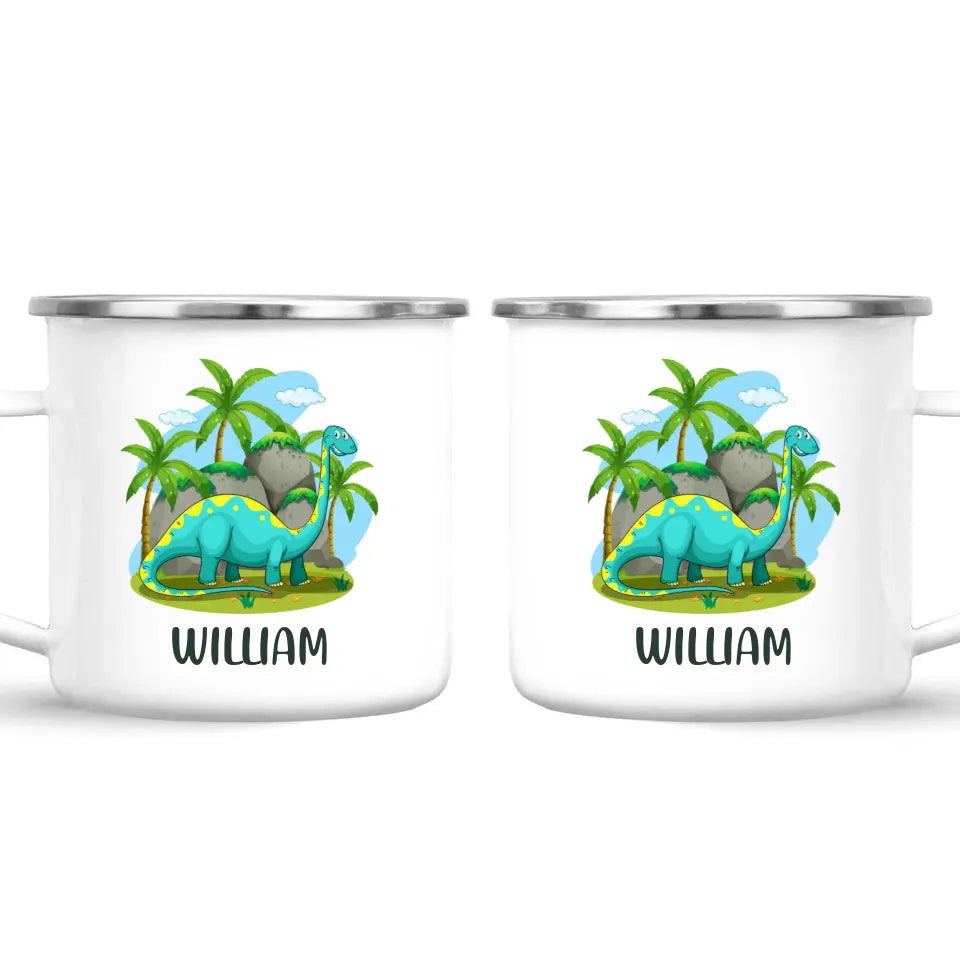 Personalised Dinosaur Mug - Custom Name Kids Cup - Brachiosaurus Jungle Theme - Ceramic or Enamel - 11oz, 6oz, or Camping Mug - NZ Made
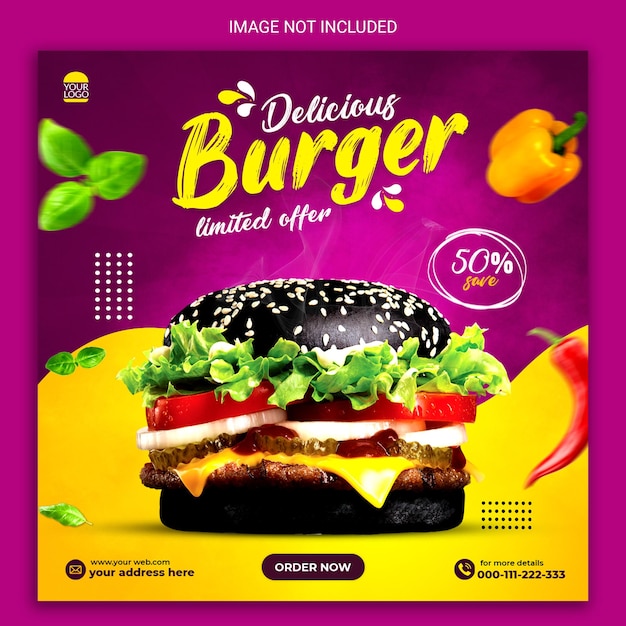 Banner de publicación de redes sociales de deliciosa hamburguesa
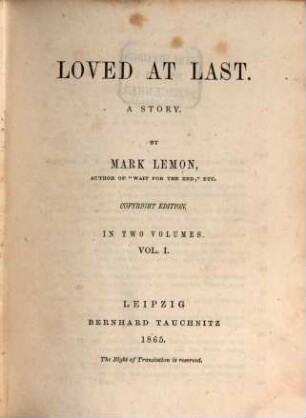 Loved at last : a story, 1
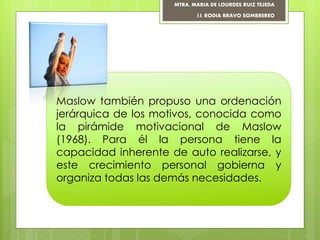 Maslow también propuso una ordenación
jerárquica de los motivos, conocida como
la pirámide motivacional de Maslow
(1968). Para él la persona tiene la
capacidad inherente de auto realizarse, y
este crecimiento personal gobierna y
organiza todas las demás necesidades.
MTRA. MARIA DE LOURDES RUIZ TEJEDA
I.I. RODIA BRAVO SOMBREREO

..........

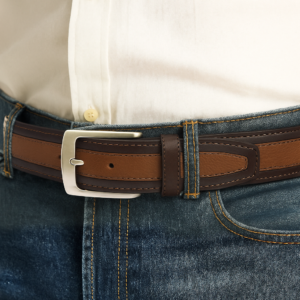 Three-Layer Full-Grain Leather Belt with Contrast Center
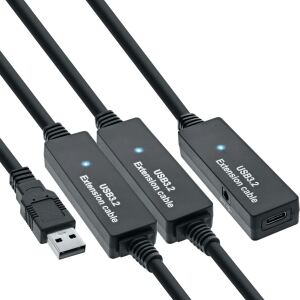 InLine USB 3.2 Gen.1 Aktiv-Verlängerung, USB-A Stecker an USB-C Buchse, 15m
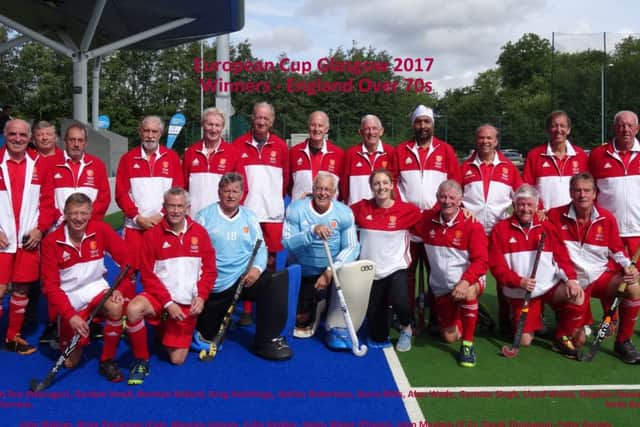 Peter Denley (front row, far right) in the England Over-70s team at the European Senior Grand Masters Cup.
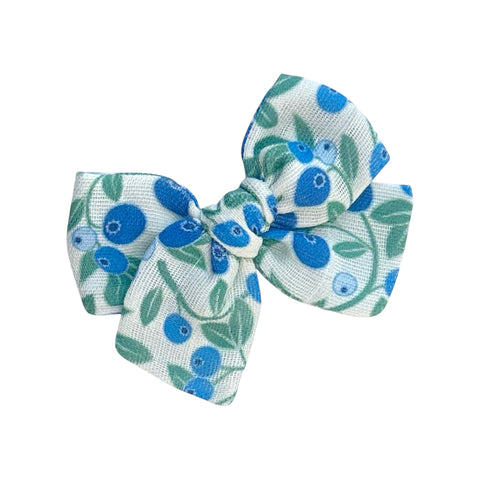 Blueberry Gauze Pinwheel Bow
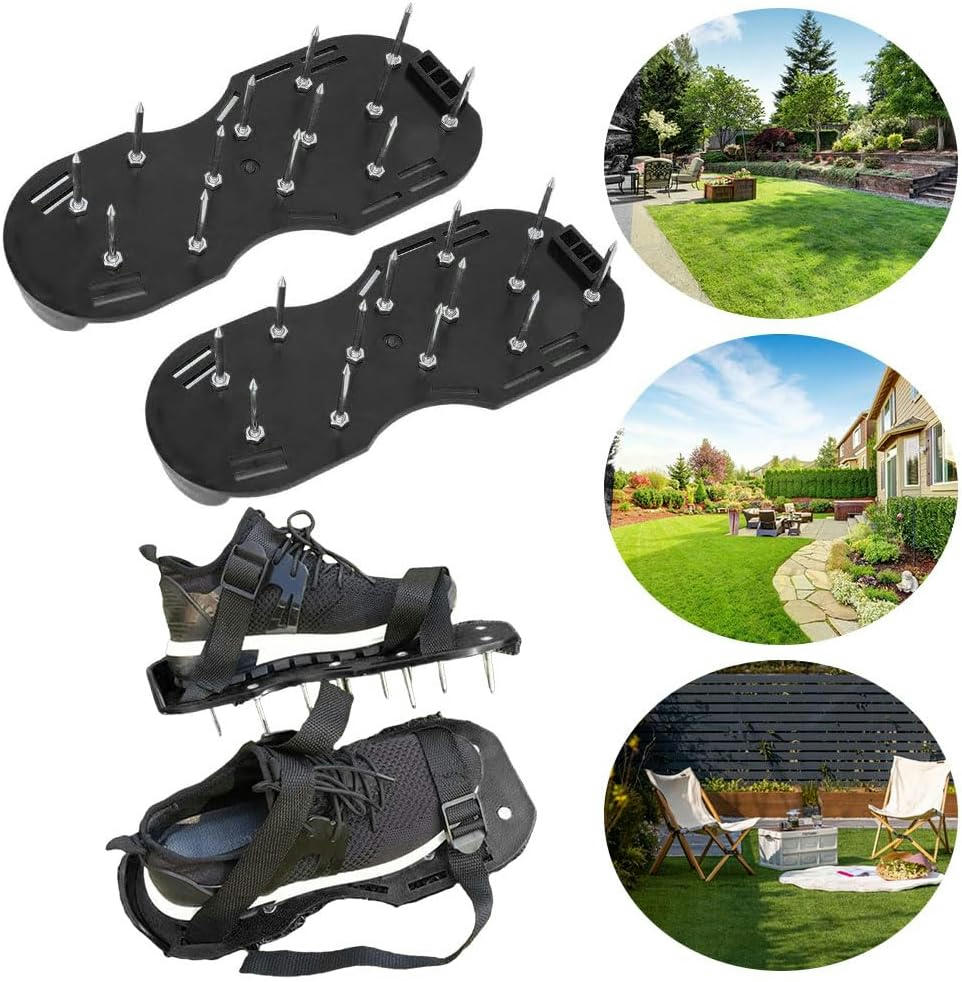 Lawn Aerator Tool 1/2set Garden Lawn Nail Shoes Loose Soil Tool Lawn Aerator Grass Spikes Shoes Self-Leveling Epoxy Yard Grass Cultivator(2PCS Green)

..........

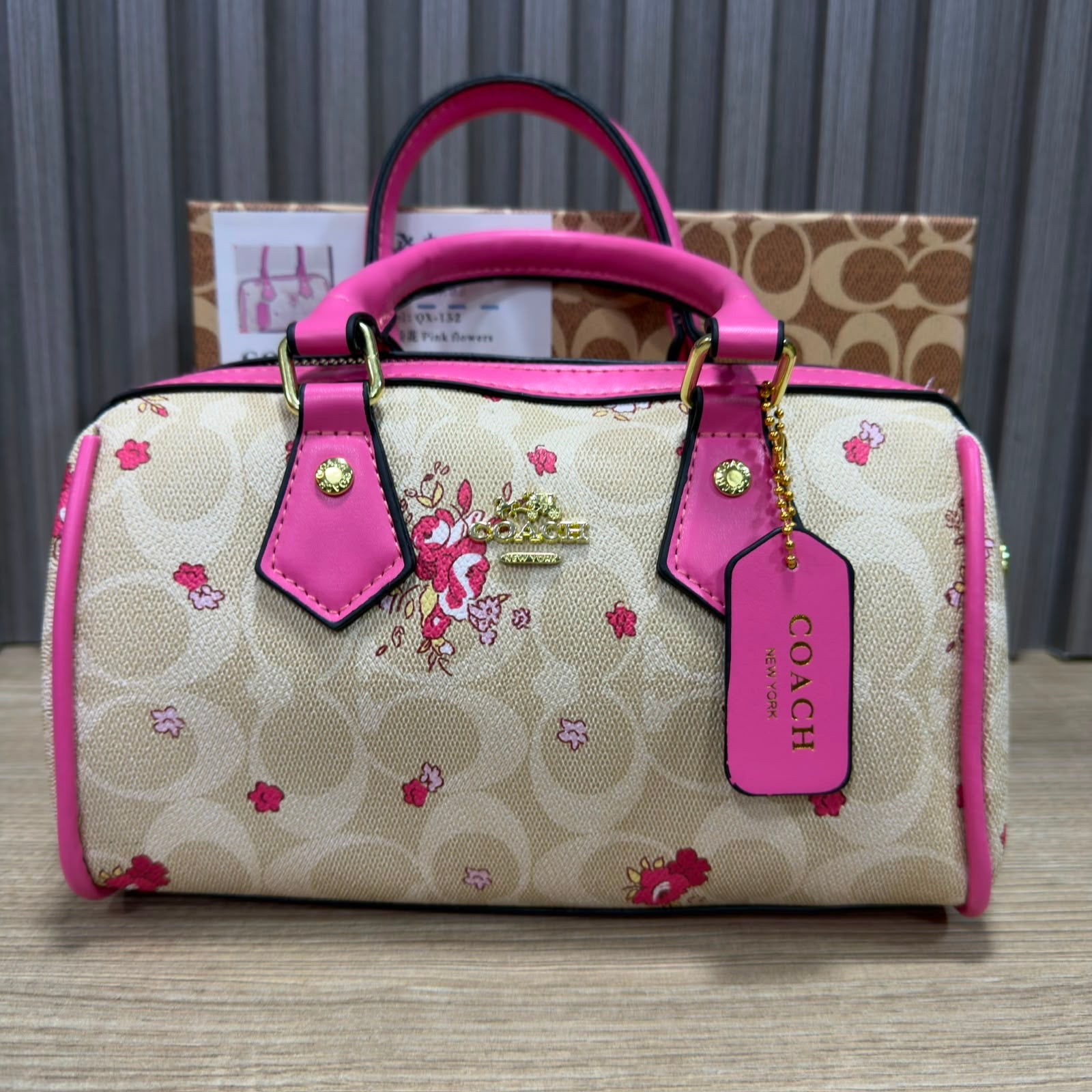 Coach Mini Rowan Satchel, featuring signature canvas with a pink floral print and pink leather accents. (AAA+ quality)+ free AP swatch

..........

Brief =>
Each line above that falls between the line with "Personalised Dinosaur Mug" and the line with "I.I. RODIA BRAVO SOMBREREO" should be printed exactly, together with those two lines, but the pictures should not.

Exercise answer =>
 Personalised Dinosaur Mug - Custom Name Kids Cup - Brachiosaurus Jungle Theme - Ceramic or Enamel - 11oz, 6oz, or Camping Mug - NZ Made
 Banner de publicación de redes sociales de deliciosa hamburguesa
 Loved at last : a story, 1
 Maslow también propuso una ordenación
jerárquica de los motivos, conocida como
la pirámide motivacional de Maslow
(1968). Para él la persona tiene la
capacidad inherente de auto realizarse, y
este crecimiento personal gobierna y
organiza todas las demás necesidades.
MTRA. MARIA DE LOURDES RUIZ TEJEDA
I.I. RODIA BRAVO SOMBREREO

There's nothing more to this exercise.